When I would walk to church as a boy, the crippled grandmothers of our area would be walking up the steep hill toward church with rosaries in hand, saying (bieda, bieda forgive spelling of slavic tongues) poverty, poverty, a spiritual and material lack. the book of Lamentations starts out with a single exclamation, ekah.It’s a world of hurt rolled up in a word, like George Jones bending a note, or sinatra phrasing a line in a song such as It Never entered My Mind.

We speak of celebrating Communion, but it rarely feels like it. It often has the feel of a funeral service to me, as we have unthinkingly adopted the Baptist view of Communion as a mere memorial of the death of Jesus.That’s my lament this morning as we enter into this day. We have sadly relegated this sacrament ot the back of awareness and have accepted a poor substitute for its fullness, depth, and richness. For a generation the national PCUSA has been urging us to have Communion every week. Most congregations have responded by having it more frequently. World Communion Sunday does move us to examine the world of our fellow Christians.It also is a casue for lament that the great symbol of christian unity is riven by disagreements so that some of our chruches withhold the sacrament from each other.

Lament is a proper response to a world riven by conflict and pain. As Cornelius Plantinga says, lament makes sense only in the belief that god is active and is being called ot arrest obvious injustices.
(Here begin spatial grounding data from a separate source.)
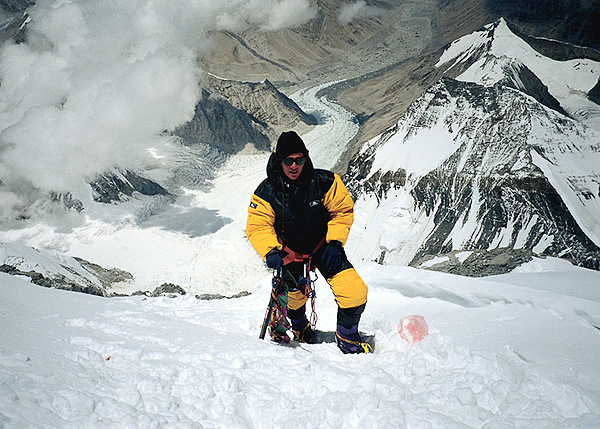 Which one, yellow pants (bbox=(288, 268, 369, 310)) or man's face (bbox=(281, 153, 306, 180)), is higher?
man's face (bbox=(281, 153, 306, 180))

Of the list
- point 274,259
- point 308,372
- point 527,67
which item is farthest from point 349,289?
point 527,67

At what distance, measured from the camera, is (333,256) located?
4.10 m

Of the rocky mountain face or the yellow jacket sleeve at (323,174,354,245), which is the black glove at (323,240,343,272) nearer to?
the yellow jacket sleeve at (323,174,354,245)

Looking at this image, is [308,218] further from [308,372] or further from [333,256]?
[308,372]

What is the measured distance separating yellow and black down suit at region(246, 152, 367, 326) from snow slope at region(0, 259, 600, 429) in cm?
67

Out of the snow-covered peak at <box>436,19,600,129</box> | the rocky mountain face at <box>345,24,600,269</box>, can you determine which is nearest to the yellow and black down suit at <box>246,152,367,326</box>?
the rocky mountain face at <box>345,24,600,269</box>

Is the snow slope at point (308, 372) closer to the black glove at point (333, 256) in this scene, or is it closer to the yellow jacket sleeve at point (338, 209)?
the black glove at point (333, 256)

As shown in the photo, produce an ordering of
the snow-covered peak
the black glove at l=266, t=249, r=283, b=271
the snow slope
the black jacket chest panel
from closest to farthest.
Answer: the snow slope → the black glove at l=266, t=249, r=283, b=271 → the black jacket chest panel → the snow-covered peak

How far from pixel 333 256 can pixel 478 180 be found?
81.7 feet

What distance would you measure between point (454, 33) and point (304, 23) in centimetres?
4809

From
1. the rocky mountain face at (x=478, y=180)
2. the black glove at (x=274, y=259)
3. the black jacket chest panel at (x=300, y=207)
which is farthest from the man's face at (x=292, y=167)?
the rocky mountain face at (x=478, y=180)

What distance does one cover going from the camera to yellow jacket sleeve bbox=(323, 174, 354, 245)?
4207 millimetres

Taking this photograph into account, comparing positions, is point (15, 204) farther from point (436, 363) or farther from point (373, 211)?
point (436, 363)

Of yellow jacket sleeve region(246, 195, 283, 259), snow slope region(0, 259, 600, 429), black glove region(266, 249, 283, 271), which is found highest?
yellow jacket sleeve region(246, 195, 283, 259) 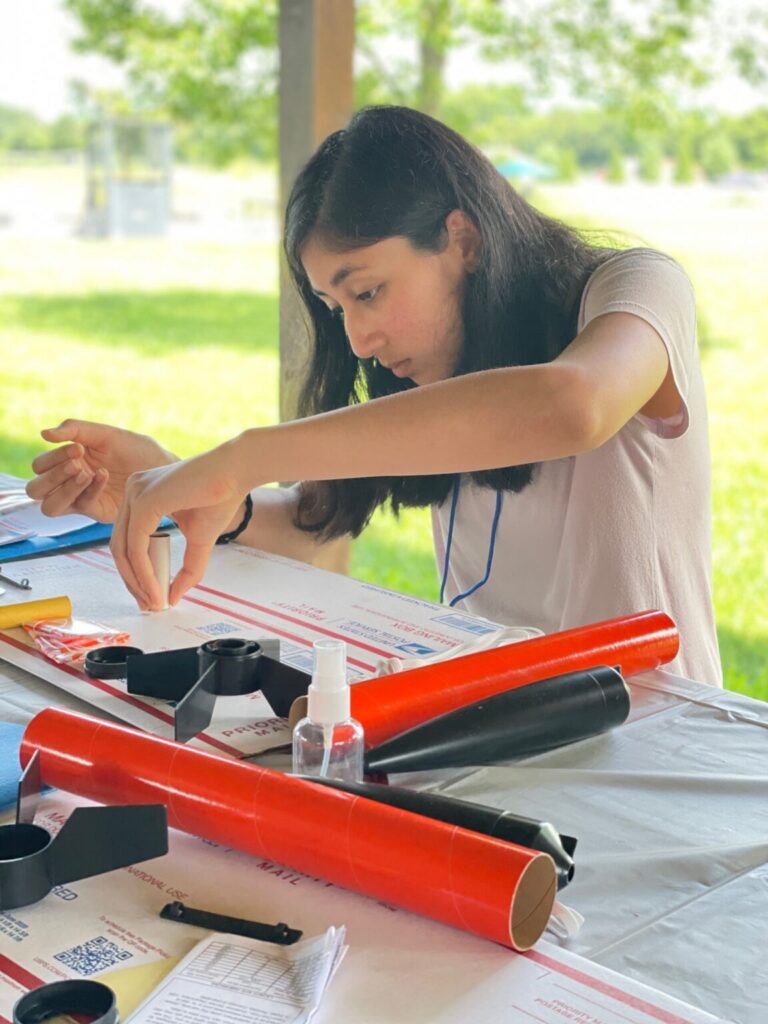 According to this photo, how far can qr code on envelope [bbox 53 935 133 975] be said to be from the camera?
701mm

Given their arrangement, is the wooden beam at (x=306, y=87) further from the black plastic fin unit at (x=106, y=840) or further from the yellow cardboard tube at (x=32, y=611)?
the black plastic fin unit at (x=106, y=840)

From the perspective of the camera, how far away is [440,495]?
1769 mm

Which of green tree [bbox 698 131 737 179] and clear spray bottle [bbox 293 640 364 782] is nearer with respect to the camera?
clear spray bottle [bbox 293 640 364 782]

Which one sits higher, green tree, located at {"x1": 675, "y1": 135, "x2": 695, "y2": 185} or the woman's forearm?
green tree, located at {"x1": 675, "y1": 135, "x2": 695, "y2": 185}

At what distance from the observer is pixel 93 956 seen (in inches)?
28.1

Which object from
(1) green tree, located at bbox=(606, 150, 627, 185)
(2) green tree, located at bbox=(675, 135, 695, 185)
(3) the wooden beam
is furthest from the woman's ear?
(1) green tree, located at bbox=(606, 150, 627, 185)

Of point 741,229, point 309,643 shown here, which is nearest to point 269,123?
point 741,229

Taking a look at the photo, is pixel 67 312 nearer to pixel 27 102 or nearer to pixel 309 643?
pixel 27 102

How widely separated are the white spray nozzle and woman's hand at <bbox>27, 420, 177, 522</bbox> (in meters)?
0.82

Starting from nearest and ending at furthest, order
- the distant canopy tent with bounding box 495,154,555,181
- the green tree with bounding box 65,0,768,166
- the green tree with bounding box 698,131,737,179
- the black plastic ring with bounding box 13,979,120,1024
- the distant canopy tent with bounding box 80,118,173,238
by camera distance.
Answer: the black plastic ring with bounding box 13,979,120,1024, the green tree with bounding box 65,0,768,166, the green tree with bounding box 698,131,737,179, the distant canopy tent with bounding box 495,154,555,181, the distant canopy tent with bounding box 80,118,173,238

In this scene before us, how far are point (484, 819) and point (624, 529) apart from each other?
83cm

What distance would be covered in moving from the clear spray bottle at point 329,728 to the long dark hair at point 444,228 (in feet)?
2.49

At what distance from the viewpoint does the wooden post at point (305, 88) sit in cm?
252

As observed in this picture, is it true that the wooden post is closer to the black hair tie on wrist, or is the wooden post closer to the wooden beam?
the wooden beam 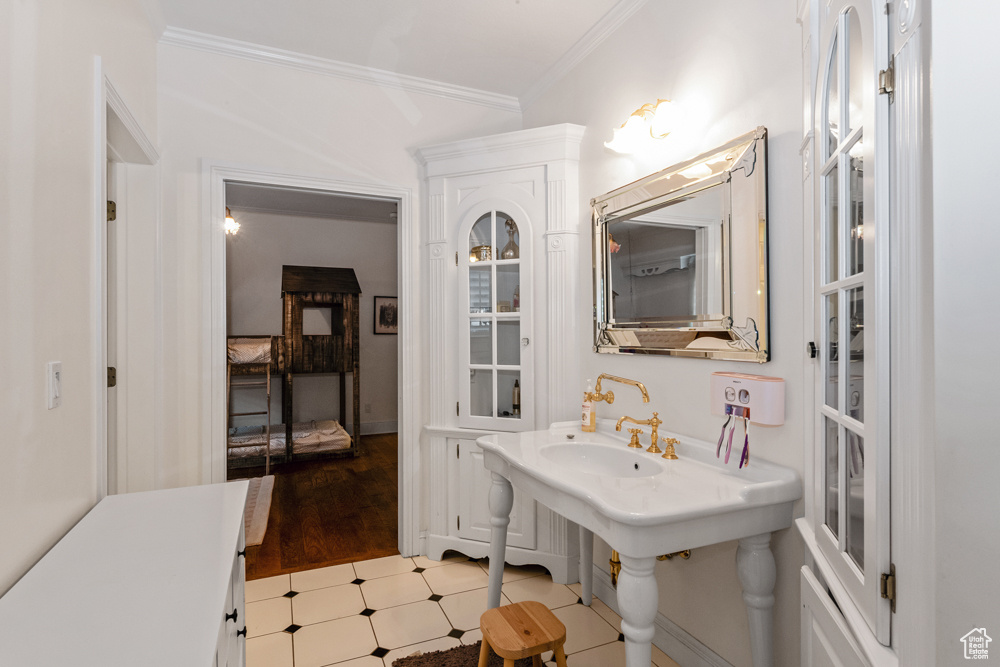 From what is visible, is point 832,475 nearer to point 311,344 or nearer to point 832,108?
point 832,108

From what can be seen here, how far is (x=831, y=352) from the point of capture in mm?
1071

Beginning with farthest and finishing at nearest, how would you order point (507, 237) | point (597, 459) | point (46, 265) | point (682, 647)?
point (507, 237), point (597, 459), point (682, 647), point (46, 265)

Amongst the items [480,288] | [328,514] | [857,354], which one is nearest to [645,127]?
[480,288]

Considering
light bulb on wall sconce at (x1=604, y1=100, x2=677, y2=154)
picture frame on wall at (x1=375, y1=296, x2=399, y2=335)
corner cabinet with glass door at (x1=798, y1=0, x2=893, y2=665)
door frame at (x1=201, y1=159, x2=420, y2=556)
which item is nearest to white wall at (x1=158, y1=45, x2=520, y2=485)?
door frame at (x1=201, y1=159, x2=420, y2=556)

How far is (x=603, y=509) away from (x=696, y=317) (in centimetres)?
82

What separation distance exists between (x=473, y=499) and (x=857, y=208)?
7.30 ft

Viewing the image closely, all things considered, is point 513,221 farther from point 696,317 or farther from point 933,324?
point 933,324

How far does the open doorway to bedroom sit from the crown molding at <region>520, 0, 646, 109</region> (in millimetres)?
1849

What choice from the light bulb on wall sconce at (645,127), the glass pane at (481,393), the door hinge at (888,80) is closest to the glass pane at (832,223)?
the door hinge at (888,80)

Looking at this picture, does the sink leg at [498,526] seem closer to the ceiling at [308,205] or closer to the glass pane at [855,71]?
the glass pane at [855,71]

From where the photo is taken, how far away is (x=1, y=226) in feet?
3.30

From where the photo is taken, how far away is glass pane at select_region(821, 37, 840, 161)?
1034 mm

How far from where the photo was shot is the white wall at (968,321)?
67 centimetres

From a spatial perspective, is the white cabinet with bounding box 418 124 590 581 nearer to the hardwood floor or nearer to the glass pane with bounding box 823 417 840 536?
the hardwood floor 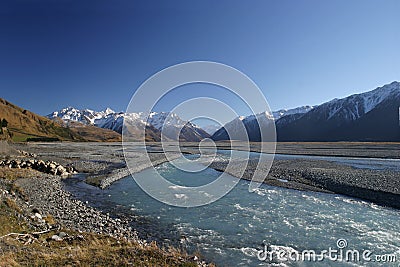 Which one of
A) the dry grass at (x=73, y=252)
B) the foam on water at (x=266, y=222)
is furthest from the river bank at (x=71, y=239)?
the foam on water at (x=266, y=222)

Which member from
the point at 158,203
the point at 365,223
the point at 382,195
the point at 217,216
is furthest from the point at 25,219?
the point at 382,195

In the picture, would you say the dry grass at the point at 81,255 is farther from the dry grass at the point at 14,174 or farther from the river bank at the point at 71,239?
the dry grass at the point at 14,174

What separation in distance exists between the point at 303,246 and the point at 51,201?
1721 cm

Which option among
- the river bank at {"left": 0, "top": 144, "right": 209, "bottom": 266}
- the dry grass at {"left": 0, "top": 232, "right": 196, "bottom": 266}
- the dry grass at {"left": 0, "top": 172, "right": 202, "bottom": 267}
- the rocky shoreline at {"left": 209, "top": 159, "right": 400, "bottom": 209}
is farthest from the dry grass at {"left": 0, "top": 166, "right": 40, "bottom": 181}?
the rocky shoreline at {"left": 209, "top": 159, "right": 400, "bottom": 209}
Lament makes sense only if we consider that we worship a god who listens.Our world does seem out of kilter, but then again, it has always been the case.Lament releases energies expended in suppressing thoughts and feelings.One of the trouble with laments is that God seems silent in the face of our suffering. A listening ear is vital, but we are looking for a response.Even here at the beginning of Lamentations, we sense some distance between the narrator and the suffering.

In part, communion speaks a word to us that we can handle in the face of laments. Yes, words of thanksgiving dominate our ritual, but its core is wordless: the breaking of bread and the pouring of wine.God speaks through the action of communion.I am sure that we have all been noting, re-reading, and celebrating the 450th anniversary of the heidelberg Catechism, the first reformed statement of faith that reached these shores in New York, before the Westminster confession was written. Look at its thick view of Communion. A19th century advocate of it, Nevin of Pennsylvania said this: “through the Holy “soirit we participate ...mystically,,dynamically, and substantially through the inmost soul-center of our being, int he divine life that springs up perpetually though the fountain of the humanity of christ, for our dreary and dying nature.”

Years ago, Communion was called the medicine of immortality. Applying the words of amazing Grace, it is healing balm for sin-sick souls.Communion does incorporate laments into its very fabric, but it also answers lament with the same word of hope that lies at the very center of Lamentations.Our hope lies, in part, in the very word Communion. We do not live all alone, but we live within the relationships of lf life through the church. We do not grieve alone or celebrate alone. This spiritual feast is not for hermits. More significantly, we are in Communion with the living risen Christ  fully. both divine and human energies of Jesus Christ enter into our very lives as surely as the food becomes part of our body structure.God is part of the fabric of our lives.